# AI/Machine Learning Intern Challenge  
## Name: Hasham Khan  
**University**: Michigan Technological University  
**Program**: Data Science Graduate Student


# Movie Recommendation System

A Netflix movie recommendation system that suggests movies based on your preferences using machine learning.

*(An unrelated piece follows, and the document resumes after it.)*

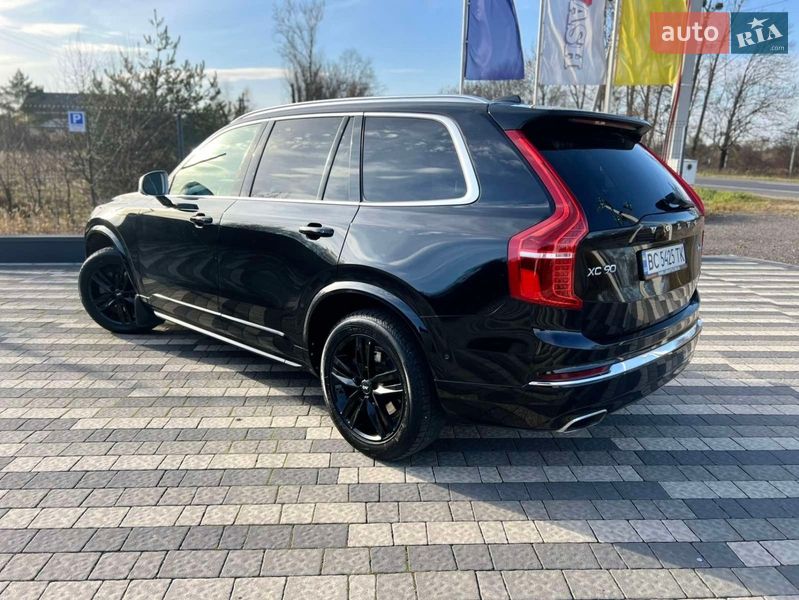 Volvo XC90 2017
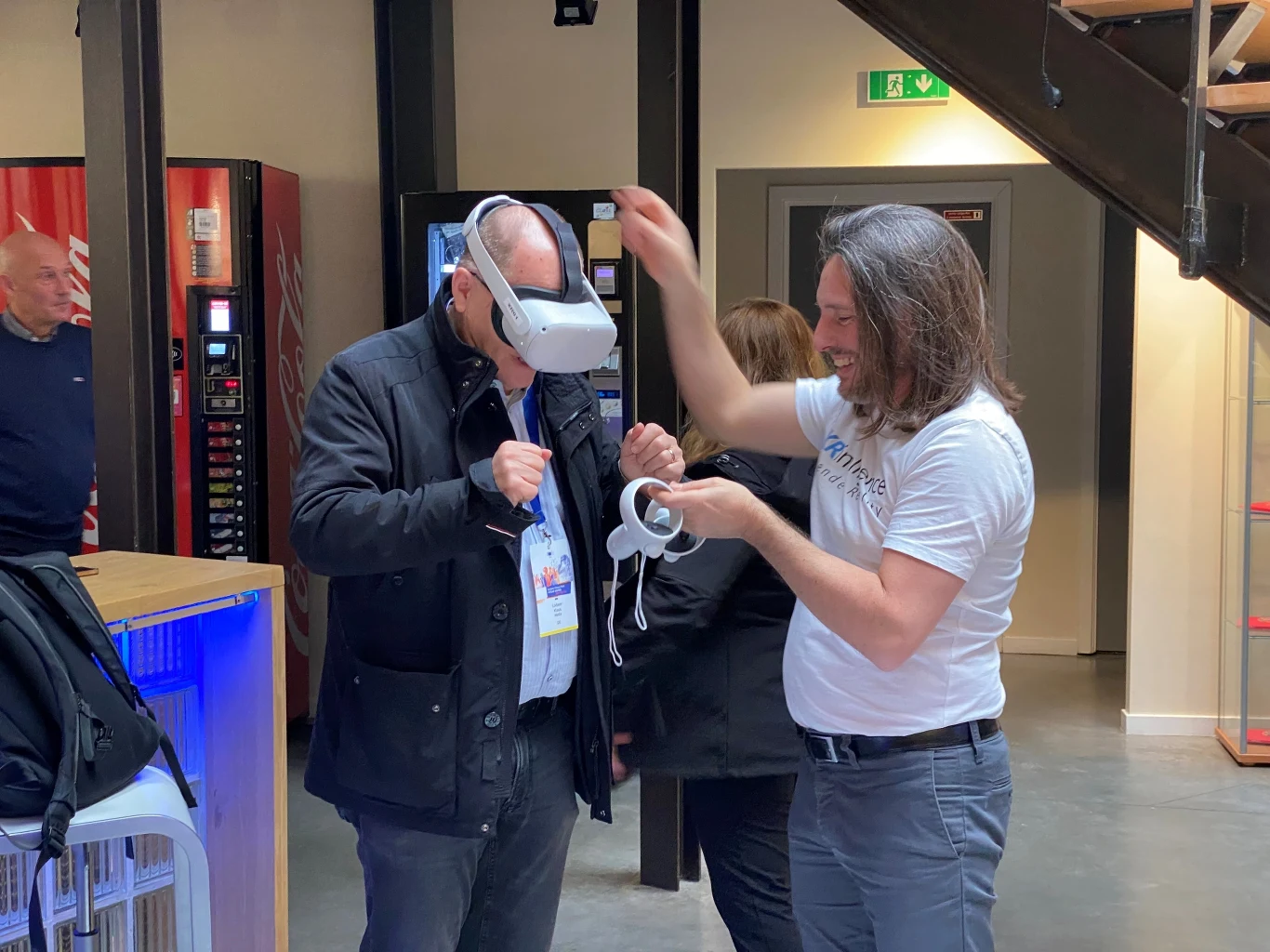 Pierwszy kontakt z headsetem VR może być osobliwy - ale to technologia dla osób w każdym wieku. Pierwszy kontakt z headsetem VR może być osobliwy - ale to technologia dla osób w każdym wieku.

**Step 1 :**   **Load the Netflix dataset and clean missing values**

In [5]:
import pandas as pd
def load_data(file_path):
    df = pd.read_csv(file_path)
    df.fillna("", inplace=True)
    df['combined_text'] = df['title'] + " " + df['description'] + " " + df['listed_in']
    return df

# Load dataset
df = load_data("netflix_titles.csv")

**Step 2 :**   **Vectorize the combined text(title, description, genre) using TF-IDF(Term Freq-Inverse Doc Freq)**

In [2]:
from sklearn.feature_extraction.text import TfidfVectorizer
def build_tfidf_matrix(df):
    vectorizer = TfidfVectorizer(stop_words='english')
    tfidf_matrix = vectorizer.fit_transform(df['combined_text'])
    return vectorizer, tfidf_matrix
# TF-IDF matrix for the dataset
vectorizer, tfidf_matrix = build_tfidf_matrix(df)

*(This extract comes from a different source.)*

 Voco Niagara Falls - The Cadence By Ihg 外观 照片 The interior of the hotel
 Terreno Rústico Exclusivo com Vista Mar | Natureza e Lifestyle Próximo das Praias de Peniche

**Step 3 :**   **Calculating Similarity between user input and movie dataset**

In [3]:
from sklearn.metrics.pairwise import cosine_similarity

# Function to get movie recommendations based on user input
def get_recommendations(user_input, vectorizer, tfidf_matrix, df):
    # Transform user input into the TF-IDF space
    user_tfidf = vectorizer.transform([user_input])
    
    # Calculate cosine similarity
    similarities = cosine_similarity(user_tfidf, tfidf_matrix).flatten()
    
    # Add similarity scores to the dataframe
    df['similarity'] = similarities
    
    # Get top 3 most similar movies  ,we can  from 3 upto any number accordingly
    recommendations = df.nlargest(3, 'similarity')
    
    # Display recommended movies
    print("\nRecommended Movies:")
    print("-" * 50)
    for idx, movie in recommendations.iterrows():
        print(f"\n{movie['title']}")
        print(f"Similarity: {movie['similarity']*100:.1f}%")
        print(f"Genre: {movie['listed_in']}")
        print("-" * 50)

# Example usage (this part will be inside the main loop or called separately)
# get_recommendations("comedy action adventure", vectorizer, tfidf_matrix, df)

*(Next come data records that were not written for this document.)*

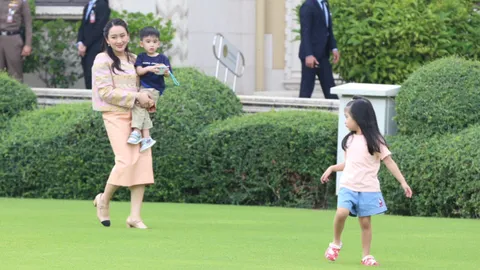 “ธิธาร-ธาษิณ” เฝ้าหน้าจอดูคุณแม่แจงอภิปรายฯ “อิ๊งค์” รีโพสต์รับกำลังใจ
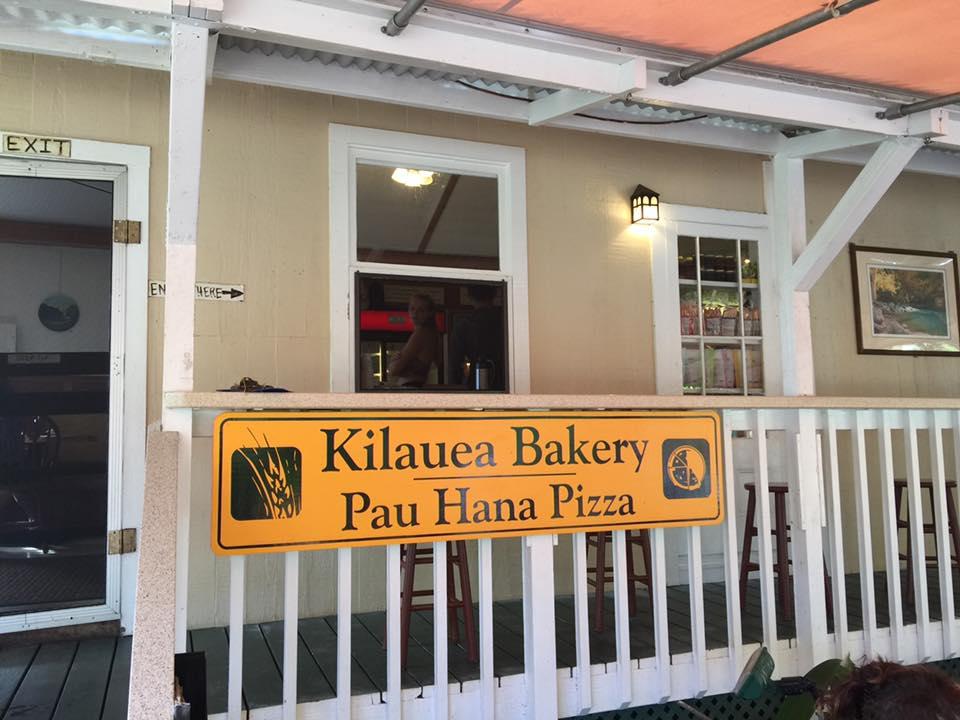 Pet Friendly Kilauea Bakery & Pau Hana Pizza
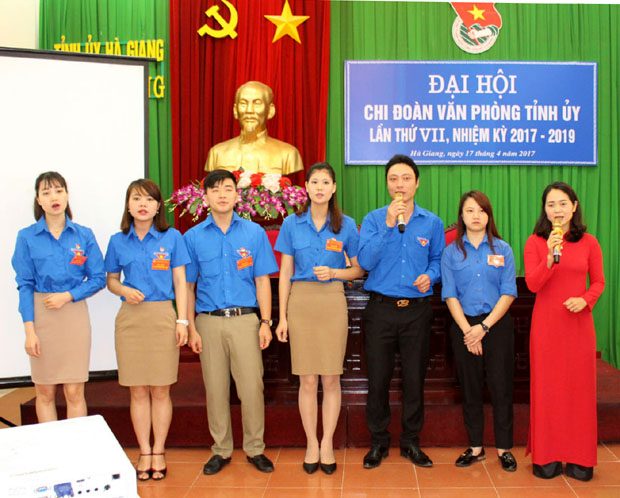 Tiết mục văn nghệ chào mừng Đại hội của các ĐVTN Chi đoàn Văn phòng Tỉnh ủy.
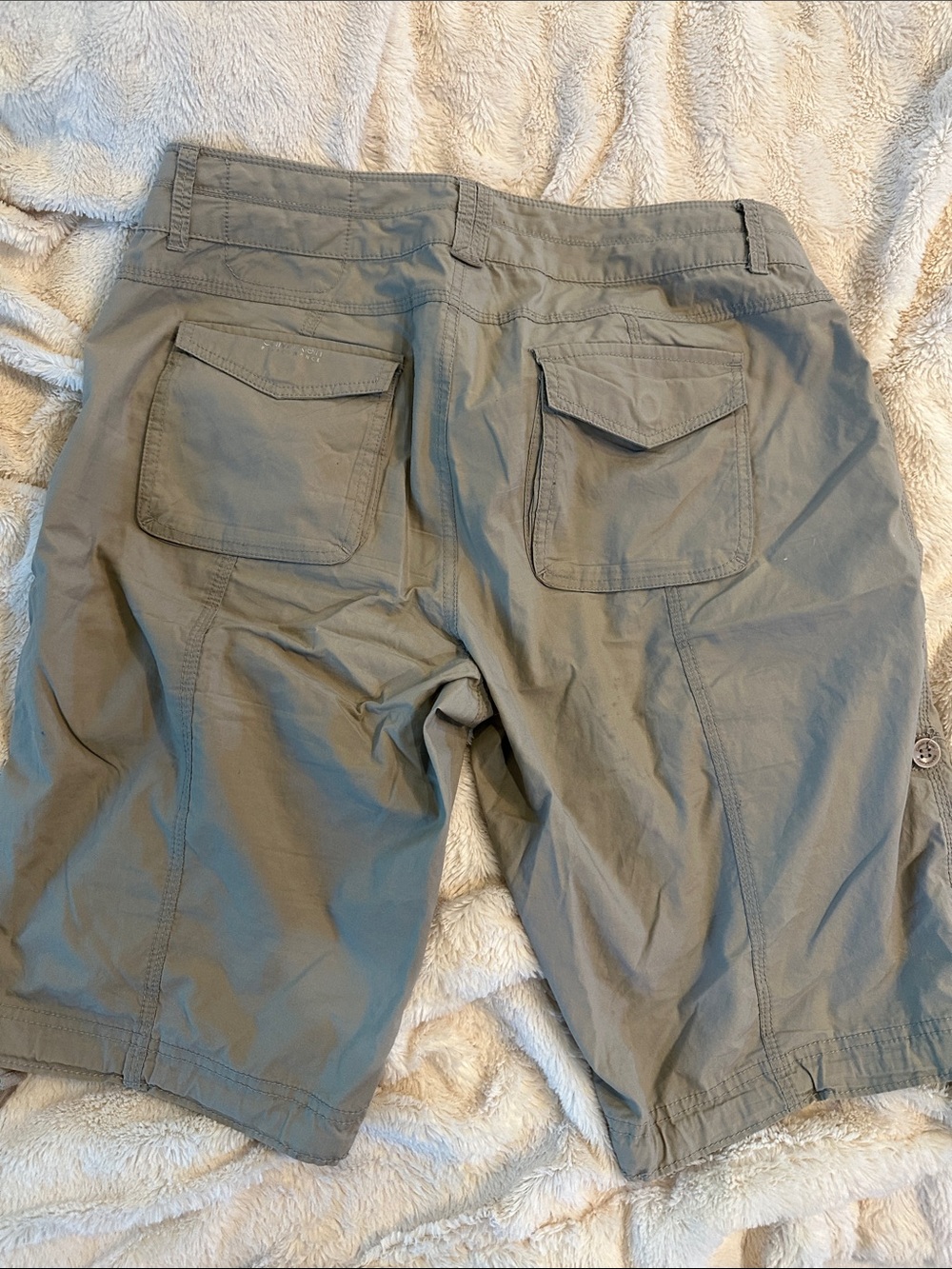 Columbia Woman’s cargo shorts - Picture 3 of 3
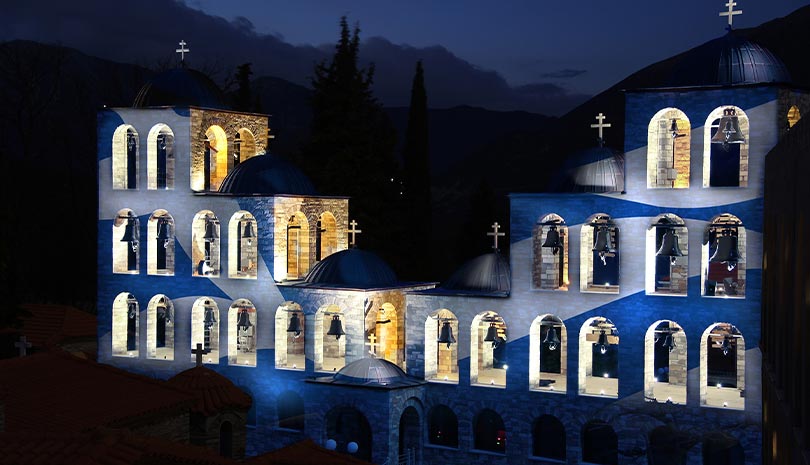Η ελληνική σημαία φωτίζει το καμπαναριό του Τρικόρφου
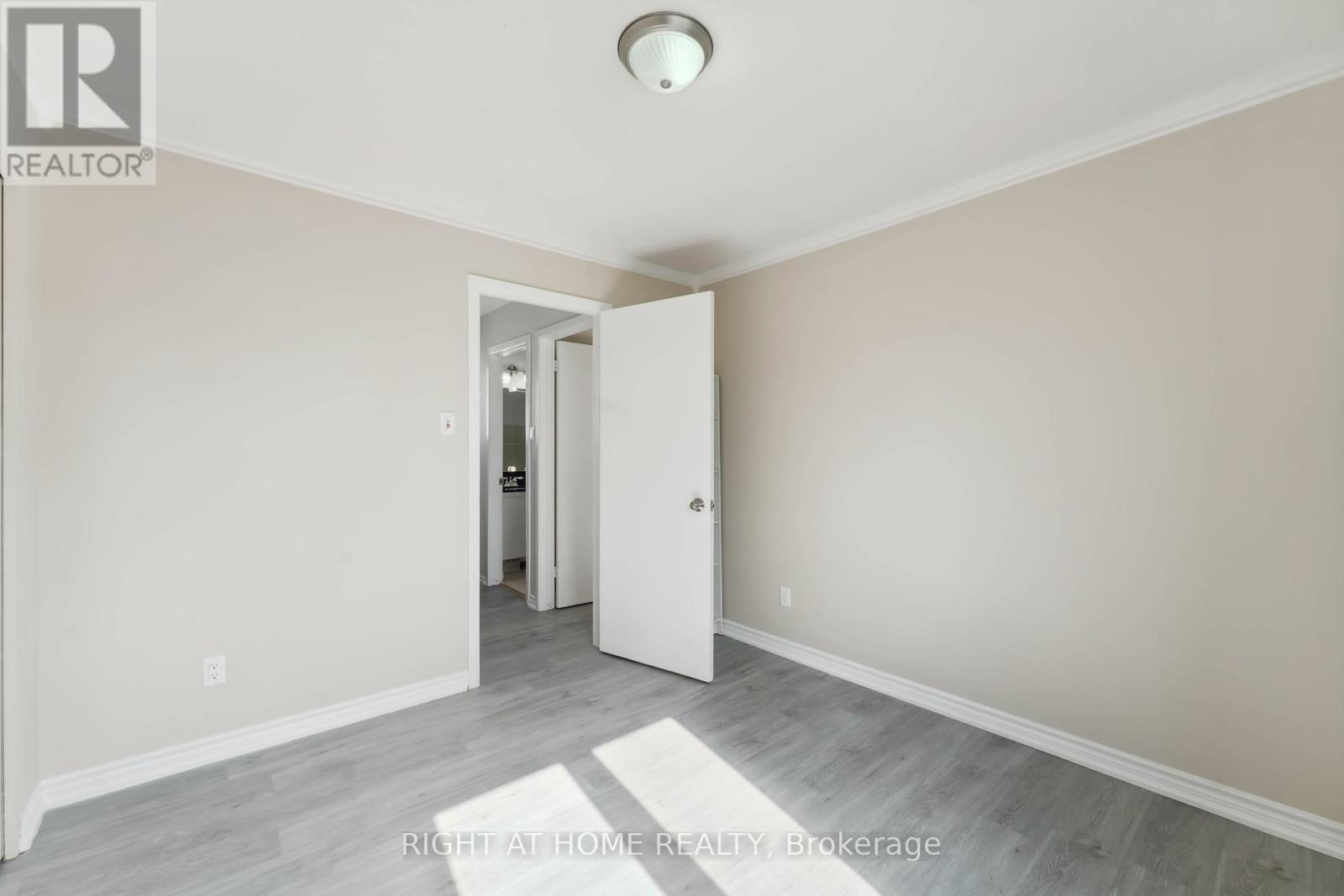 31 - 2057 Jasmine Crescent, Ottawa, Ontario  K1J 7W2 - Photo 24 - X12133616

**Step 4 :**   **Interactive user input**

In [4]:
# Main loop for interactive user input (optional)
def main_loop():
    while True:
        print("\nEnter what kind of movies you like (or 'quit' to exit):")
        user_input = input("> ")
        
        if user_input.lower() == 'quit':
            print("Goodbye!")
            break
        
        get_recommendations(user_input, vectorizer, tfidf_matrix, df)

# Uncomment to run the loop
main_loop()



Enter what kind of movies you like (or 'quit' to exit):


>  i love racing



Recommended Movies:
--------------------------------------------------

Race 2
Similarity: 27.5%
Genre: Action & Adventure, International Movies, Music & Musicals
--------------------------------------------------

Race
Similarity: 24.9%
Genre: Action & Adventure, International Movies, Music & Musicals
--------------------------------------------------

MONKART
Similarity: 23.7%
Genre: Kids' TV, Korean TV Shows
--------------------------------------------------

Enter what kind of movies you like (or 'quit' to exit):


>  I like action movies set in space



Recommended Movies:
--------------------------------------------------

A StoryBots Space Adventure
Similarity: 32.1%
Genre: Children & Family Movies
--------------------------------------------------

Star Trek: Deep Space Nine
Similarity: 28.8%
Genre: TV Action & Adventure, TV Sci-Fi & Fantasy
--------------------------------------------------

The Epic Tales of Captain Underpants in Space
Similarity: 25.4%
Genre: Kids' TV, TV Action & Adventure, TV Comedies
--------------------------------------------------

Enter what kind of movies you like (or 'quit' to exit):


>  quit


Goodbye!